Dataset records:
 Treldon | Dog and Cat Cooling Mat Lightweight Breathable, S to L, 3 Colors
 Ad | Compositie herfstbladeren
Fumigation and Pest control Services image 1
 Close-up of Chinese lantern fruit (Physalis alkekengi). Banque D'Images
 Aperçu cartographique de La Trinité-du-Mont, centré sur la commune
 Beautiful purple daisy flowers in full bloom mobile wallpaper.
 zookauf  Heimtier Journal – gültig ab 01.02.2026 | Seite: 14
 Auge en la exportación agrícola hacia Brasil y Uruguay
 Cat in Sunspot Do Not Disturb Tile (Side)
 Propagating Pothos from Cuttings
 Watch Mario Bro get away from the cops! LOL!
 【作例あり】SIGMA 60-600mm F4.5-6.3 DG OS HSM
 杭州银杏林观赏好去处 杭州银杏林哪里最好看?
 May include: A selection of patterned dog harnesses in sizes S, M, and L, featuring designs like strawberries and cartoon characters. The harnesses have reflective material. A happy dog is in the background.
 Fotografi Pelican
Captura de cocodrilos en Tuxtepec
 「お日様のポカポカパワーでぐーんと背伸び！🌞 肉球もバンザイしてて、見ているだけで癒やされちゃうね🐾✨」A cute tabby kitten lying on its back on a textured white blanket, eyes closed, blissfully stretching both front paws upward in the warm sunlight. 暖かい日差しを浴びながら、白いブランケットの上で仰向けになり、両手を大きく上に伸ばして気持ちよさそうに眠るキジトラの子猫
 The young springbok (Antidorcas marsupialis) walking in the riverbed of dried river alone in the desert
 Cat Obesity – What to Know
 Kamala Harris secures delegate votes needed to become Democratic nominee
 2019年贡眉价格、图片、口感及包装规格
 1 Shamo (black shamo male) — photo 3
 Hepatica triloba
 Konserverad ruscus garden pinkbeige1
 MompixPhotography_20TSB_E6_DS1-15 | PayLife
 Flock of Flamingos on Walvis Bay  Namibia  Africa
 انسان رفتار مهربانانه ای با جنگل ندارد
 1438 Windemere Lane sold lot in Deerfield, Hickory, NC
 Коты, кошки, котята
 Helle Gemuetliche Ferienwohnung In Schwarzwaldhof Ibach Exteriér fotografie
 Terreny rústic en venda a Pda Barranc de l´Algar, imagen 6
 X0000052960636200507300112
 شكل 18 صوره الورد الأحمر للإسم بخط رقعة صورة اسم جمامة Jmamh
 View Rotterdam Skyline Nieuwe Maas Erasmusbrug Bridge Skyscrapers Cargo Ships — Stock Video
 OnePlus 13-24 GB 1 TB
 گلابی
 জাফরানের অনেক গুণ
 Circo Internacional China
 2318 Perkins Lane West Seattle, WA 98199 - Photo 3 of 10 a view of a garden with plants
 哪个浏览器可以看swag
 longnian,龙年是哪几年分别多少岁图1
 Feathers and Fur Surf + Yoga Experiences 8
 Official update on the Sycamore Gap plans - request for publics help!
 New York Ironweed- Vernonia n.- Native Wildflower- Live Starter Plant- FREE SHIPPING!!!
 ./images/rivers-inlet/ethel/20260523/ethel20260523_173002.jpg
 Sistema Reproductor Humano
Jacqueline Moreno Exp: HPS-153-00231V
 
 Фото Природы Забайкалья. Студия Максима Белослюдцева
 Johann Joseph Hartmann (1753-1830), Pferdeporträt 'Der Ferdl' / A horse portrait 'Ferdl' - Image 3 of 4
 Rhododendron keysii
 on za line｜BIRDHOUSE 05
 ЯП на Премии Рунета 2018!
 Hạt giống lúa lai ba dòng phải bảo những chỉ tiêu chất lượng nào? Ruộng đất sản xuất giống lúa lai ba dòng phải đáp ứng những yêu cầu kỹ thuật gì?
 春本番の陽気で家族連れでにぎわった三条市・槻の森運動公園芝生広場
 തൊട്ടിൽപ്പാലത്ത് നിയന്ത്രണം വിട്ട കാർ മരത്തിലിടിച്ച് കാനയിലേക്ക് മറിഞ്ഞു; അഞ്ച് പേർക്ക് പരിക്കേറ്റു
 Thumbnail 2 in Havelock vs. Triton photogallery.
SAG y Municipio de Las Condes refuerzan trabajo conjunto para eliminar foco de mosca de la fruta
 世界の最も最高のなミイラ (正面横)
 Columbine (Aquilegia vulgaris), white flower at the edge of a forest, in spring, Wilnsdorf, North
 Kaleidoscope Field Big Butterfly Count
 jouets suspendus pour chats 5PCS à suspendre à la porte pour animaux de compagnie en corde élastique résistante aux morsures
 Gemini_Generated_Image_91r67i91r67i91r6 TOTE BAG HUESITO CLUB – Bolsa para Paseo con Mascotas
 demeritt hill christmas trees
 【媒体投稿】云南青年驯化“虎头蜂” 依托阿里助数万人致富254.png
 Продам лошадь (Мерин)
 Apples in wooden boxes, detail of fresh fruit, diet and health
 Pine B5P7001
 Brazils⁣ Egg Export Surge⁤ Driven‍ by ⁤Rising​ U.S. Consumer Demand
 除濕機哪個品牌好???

WHAT IS REQUIRED:
Where in the records does the word "Lane" appear? Copy each line that holds it.

REPLY:
 1438 Windemere Lane sold lot in Deerfield, Hickory, NC
 2318 Perkins Lane West Seattle, WA 98199 - Photo 3 of 10 a view of a garden with plants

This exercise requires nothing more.